Countries in the Organization of the Petroleum Exporting Countries (OPEC) hold about 80% of the world’s proven oil reserves, most of which is concentrated among Middle Eastern members. For the majority of those countries, oil revenue is the main source of income, so any message from COP28 aimed at slashing oil and gas demand becomes a question of survival.
Ministers from Iraq, Kuwait, Algeria, Libya and non-OPEC member Oman arrived for the energy meeting, as well as Saudi Energy Minister Prince Abdulaziz bin Salman who had been in Dubai for the U.N climate summit. United Arab Emirates Energy Minister Suhail Mohamed Al Mazrouei was absent.
The UAE, the second Arab country to host the climate summit after Egypt in 2022 and an OPEC member, has alongside other Gulf energy producers called for what they consider a more realistic energy transition in which fossil fuels retain a role in securing energy supply while industries decarbonise.
Sultan Al Jaber, who is chief of UAE state oil giant ADNOC, is president of COP28, and has maintained that a phase-down of fossil fuels is inevitable and essential, but as part of a transition that takes into account the circumstances of each country and region.

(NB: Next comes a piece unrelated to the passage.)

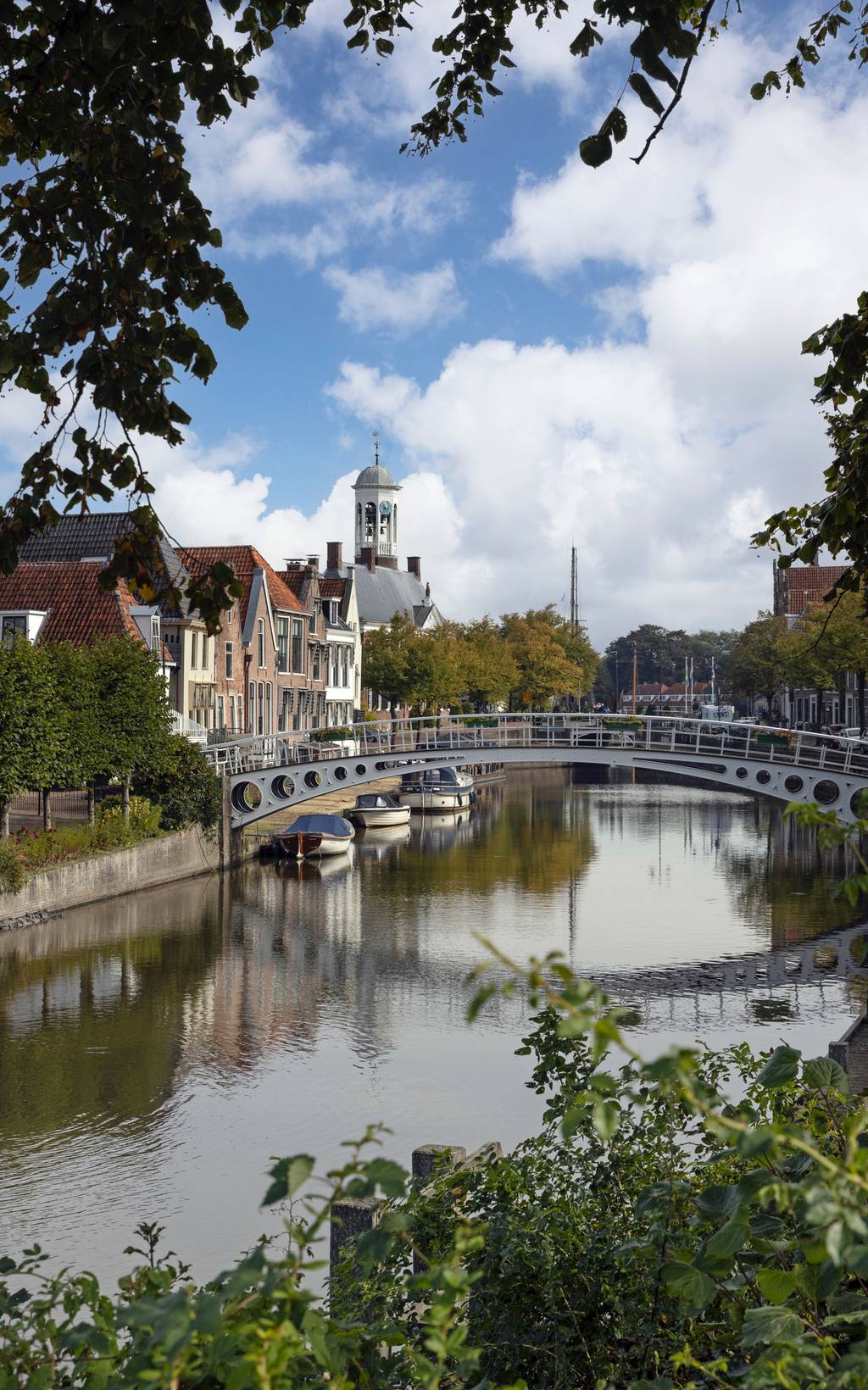 Ein ruhiger Kanal in einer malerischen Stadt mit einer weißen Brücke, Booten und historischen Gebäuden unter einem teilweise bewölkten Himmel, umrahmt von belaubten Ästen.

Saudi Arabia, the de-facto leader of OPEC, and top ally Russia are among several countries insisting that the COP28 conference in Dubai targets emissions, rather than the fossil fuels causing them, according to observers in the negotiations.
Qatar, which left OPEC in 2018, but whose position is largely aligned with other oil- and gas-producing nations, said that it had invested tens of billions of dollars in its LNG industry, even when many doubted the feasibility of such investments.
“Our decision at the time was based on a realistic understanding of market fundamentals and efforts to reduce global carbon emissions,” Saad al-Kaabi, the head of Qatar’s state-run energy company, told the conference.